● **Web page caption snippets**:
-----
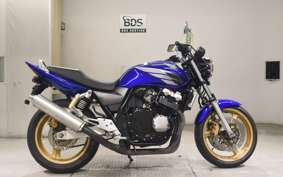 HONDA CB400SF VTEC Spec3 2004 NC39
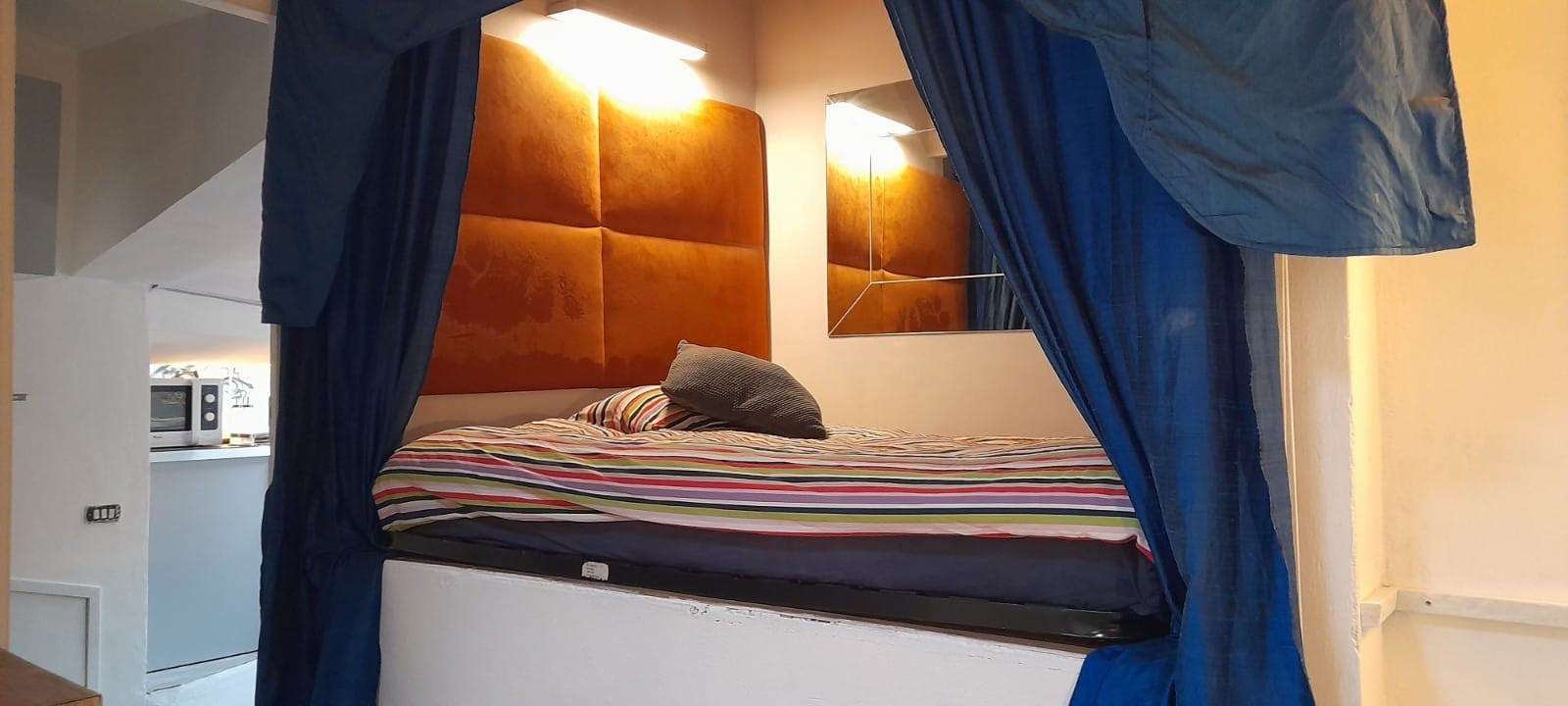 Stanza privata in affitto a 700 € al mese a Florence, Lungarno Amerigo Vespucci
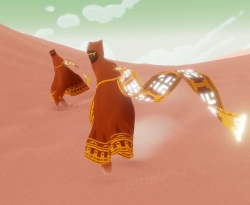 journey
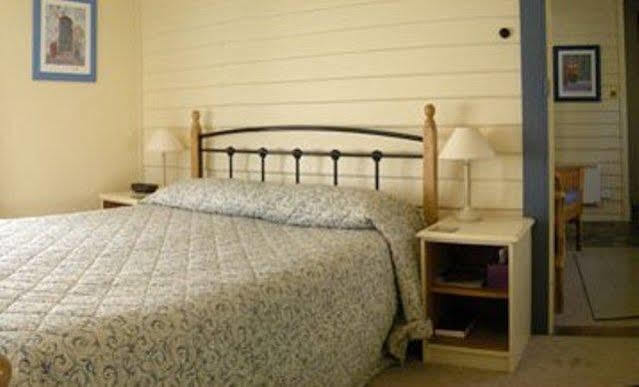 Ross B&B Accommodation Esterno foto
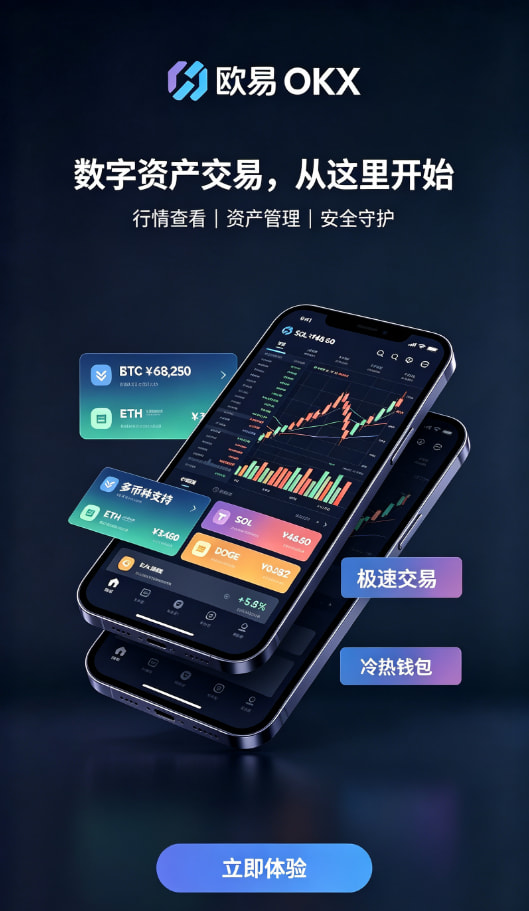 欧交易所app官网安卓入金流程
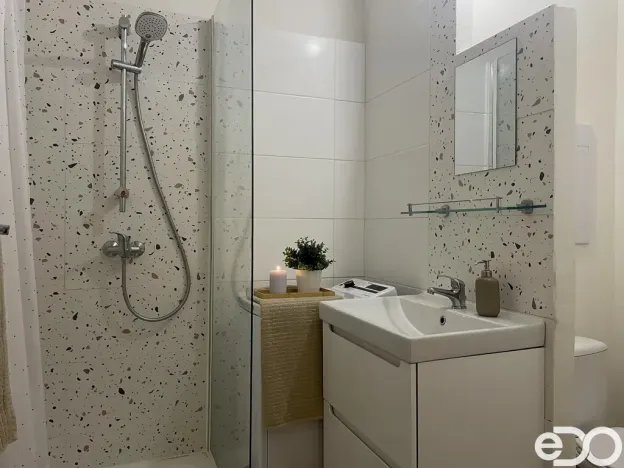 Pronájem bytu 2+1, Česká Lípa, Lužická, 56 m2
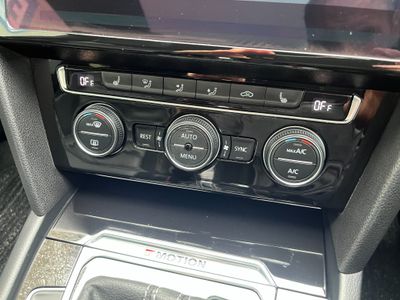 2020 Volkswagen Arteon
-----
● **PROMPT**: Give back all the data exactly, minus pictures.

● **EXERCISE RESULT**:
 HONDA CB400SF VTEC Spec3 2004 NC39
 Stanza privata in affitto a 700 € al mese a Florence, Lungarno Amerigo Vespucci
 journey
 Ross B&B Accommodation Esterno foto
 欧交易所app官网安卓入金流程
 Pronájem bytu 2+1, Česká Lípa, Lužická, 56 m2
 2020 Volkswagen Arteon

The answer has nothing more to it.